Sexual Health

Live in

Ah, the joy of moving in! You both are head over heels in love and can’t wait to be close to each other. You have dreamt of this – waking up together, watching Netflix together, hogging ice-creams every weekend, and enjoying the physical intimacy. Moving in is a big step for a couple to take, and that’s why there are a few things you and your partner should keep in mind.

Communicate clearly: You already know that communication is the key to a healthy, beautiful relationship. And you might think this won’t change when you move in. However, moving in is a new phase and brings with it the challenge of communicating better. Firstly, make sure both of you are in sync in terms of what you expect out of this. Is it a test run? Is it a final step before marriage? Or is it merely to be closer for physical intimacy? Do not assume. Talk to your partner and state your expectations clearly. Since you’ll be living with someone together in the same house, know each other’s habits, divide the daily chores, decide how you’ll split the expenses, and so on.

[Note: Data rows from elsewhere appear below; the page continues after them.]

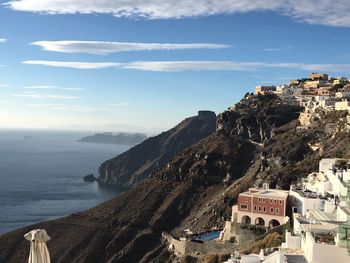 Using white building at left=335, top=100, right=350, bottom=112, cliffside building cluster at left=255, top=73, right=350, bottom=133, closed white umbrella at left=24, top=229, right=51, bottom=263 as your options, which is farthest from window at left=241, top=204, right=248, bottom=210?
white building at left=335, top=100, right=350, bottom=112

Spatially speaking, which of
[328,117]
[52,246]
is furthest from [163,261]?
[328,117]

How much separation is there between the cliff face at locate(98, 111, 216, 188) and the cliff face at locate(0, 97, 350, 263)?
61717mm

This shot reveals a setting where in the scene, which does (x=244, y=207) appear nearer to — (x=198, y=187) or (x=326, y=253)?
(x=326, y=253)

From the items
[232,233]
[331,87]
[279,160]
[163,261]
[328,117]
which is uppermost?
[331,87]

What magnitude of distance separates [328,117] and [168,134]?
3851 inches

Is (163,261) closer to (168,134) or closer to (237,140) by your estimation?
(237,140)

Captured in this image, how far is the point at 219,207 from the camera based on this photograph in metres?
53.4

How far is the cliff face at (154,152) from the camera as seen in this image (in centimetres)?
14100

Build your home together: Imagine moving in with your partner and then realizing that you both own a TV, a fridge, a washing machine, and a kitchen set. Well, you’ll end up having two of each! And it’ll make the house cluttered. You’re both going to share the house, so it’s better that you sit and discuss how you want to set it up. From the color of the walls to having your own space, list out everything that you’re going to do and then do it together.

Discuss instead of arguing: Get it clear, you’re going to have a lot of fights! No, don’t be scared! Instead, be patient. Learn to adjust to the new phase and your partner. Have constructive discussions that’ll help you both strengthen your bond and not ruin it. Do not speak or do anything in a fit of rage. Instead, take time out and discuss it calmly. Try to figure out what caused the fights and how it can be avoided in future. After all, you’re going to live with each other, and living with tension in the house is not what any of you signed up for.

Keep the romance alive: Yes, keep the flame burning. While moving in and setting up the house, you may forget why you moved in. Write love notes, go out on dates, cook their favorite dish, and have some physical intimacy. Now, coming to physical intimacy, make sure you do talk about it. Even though you are together and have enjoyed sex before with each other, do not assume that your partner is down with it whenever you have the desire. Remember, consent is essential. Talk about it every off and on, and you’ll come to know your partner even better! And yeah, do not forget to use a condom every time you’re in the act. Condoms protect you from those nasty STIs and STDs. There are many varieties of condoms available, and you can buy them from a medical shop without a prescription.

Have your personal space: While moving in is a blessing and brings both of you closer, do not lose your own identity. Talk to your family, meet with your friends, pursue your hobbies, and grow yourself as an individual. Encourage your partner to do as well. Both of you fell in love with each other’s personality. So, please don’t lose it.

Moving in with your partner is a beautiful experience. It helps you to know them better, build a rapport, balance responsibilities, and spice up your love life. So, when you and your partner have discussed and decided to move in, go ahead.